Data extracts —

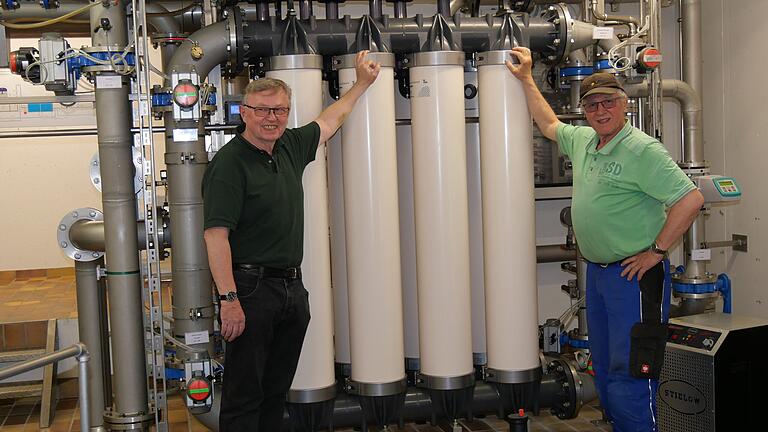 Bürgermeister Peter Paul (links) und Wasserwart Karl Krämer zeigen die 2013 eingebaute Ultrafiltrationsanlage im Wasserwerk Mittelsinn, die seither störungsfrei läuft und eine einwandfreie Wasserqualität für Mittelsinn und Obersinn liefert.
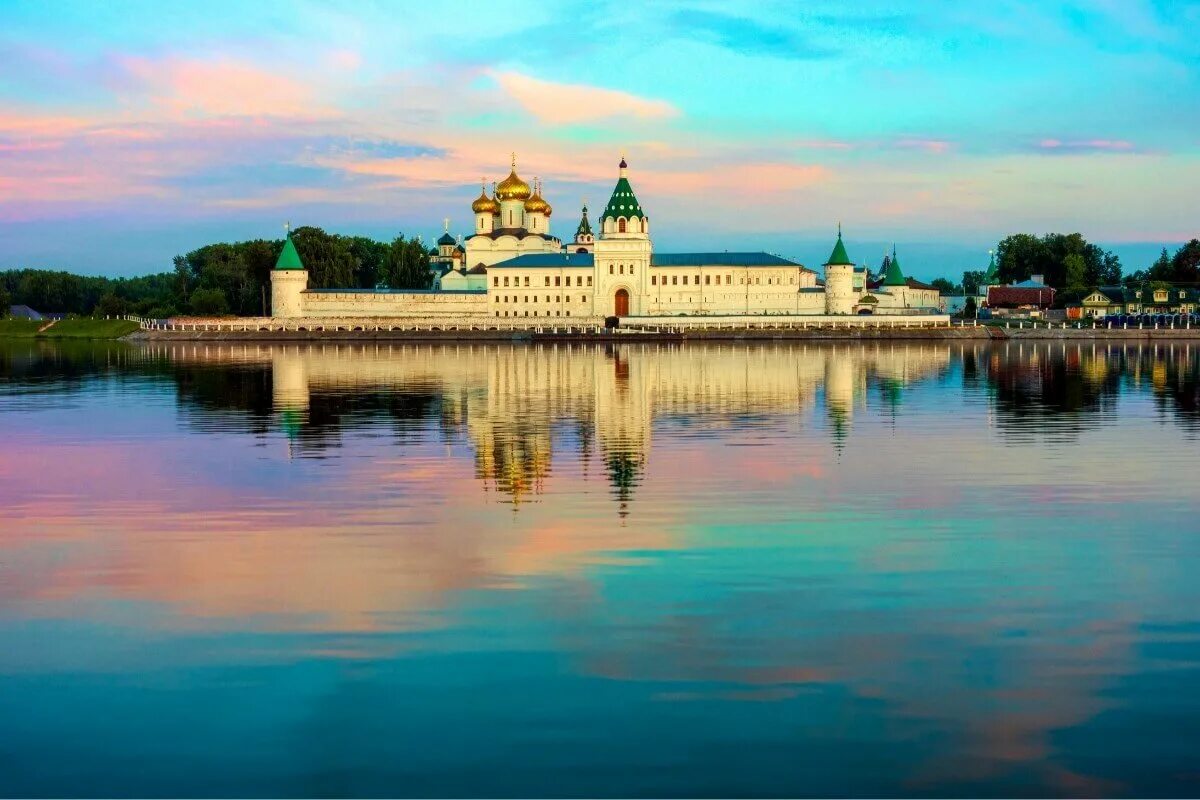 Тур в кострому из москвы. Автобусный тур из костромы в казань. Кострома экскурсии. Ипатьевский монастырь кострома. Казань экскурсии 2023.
---
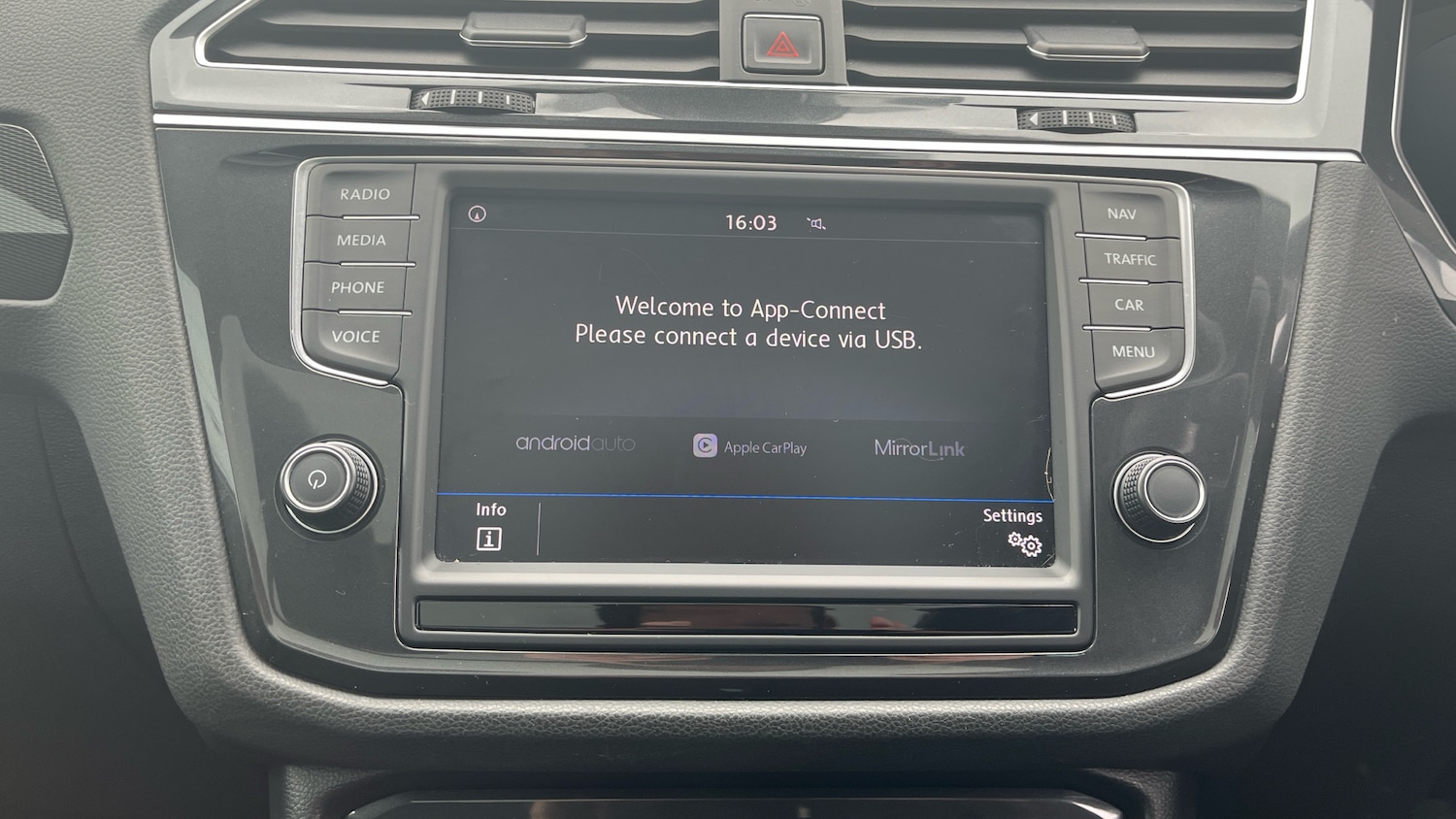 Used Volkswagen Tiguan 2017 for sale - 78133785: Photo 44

Assignment — Starting at the line above that has "Bürgermeister Peter Paul" and ending at the line that has "Тур в кострому", copy each line exactly, leaving the pictures out and adding nothing.

Expected answer —
 Bürgermeister Peter Paul (links) und Wasserwart Karl Krämer zeigen die 2013 eingebaute Ultrafiltrationsanlage im Wasserwerk Mittelsinn, die seither störungsfrei läuft und eine einwandfreie Wasserqualität für Mittelsinn und Obersinn liefert.
 Тур в кострому из москвы. Автобусный тур из костромы в казань. Кострома экскурсии. Ипатьевский монастырь кострома. Казань экскурсии 2023.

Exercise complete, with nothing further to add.